A Igreja continua a tentar convencer-nos da misericórdia de Deus, como se nos fosse difícil acreditar na sua profundidade infinita. O Evangelho de hoje é o meio de três Evangelhos dominicais que nos mostram até onde vai essa misericórdia. No domingo passado, como vimos, Deus é descrito como um vinhateiro que não ousa cortar a figueira infrutífera. Ele quer dar-lhe outra oportunidade. No domingo seguinte, temos o episódio da mulher apanhada em adultério: Jesus também quer dar-lhe uma nova oportunidade. E o Evangelho de hoje é o texto mais famoso da misericórdia divina: a parábola do filho pródigo.

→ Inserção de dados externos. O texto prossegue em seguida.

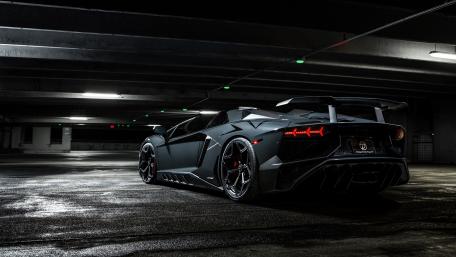 Lamborghini Aventador SV roadster wallpaper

Poderíamos dizer muitas coisas sobre este texto (a misericórdia de Deus é verdadeiramente infinita), mas limitemo-nos a sublinhar alguns pontos. O primeiro é a gravidade do pecado do filho. Não se trata apenas da sua vida de devassidão numa terra distante. É o facto de pedir antecipadamente a sua herança. Considerando que, normalmente, as heranças só são transmitidas após a morte de alguém, é como se o filho estivesse a dizer ao pai: "No que me diz respeito, já estás morto.". Está quase a matá-lo, pelo menos emocionalmente.
O próximo ponto a considerar é a imperfeição da contrição do filho. Ele regressa porque tem fome e os criados do pai comem bem. "Então pensou: 'Quantos trabalhadores do meu pai têm pão com fartura, enquanto eu passo fome aqui'".. E, no entanto, recuperou o juízo e está a caminho de casa.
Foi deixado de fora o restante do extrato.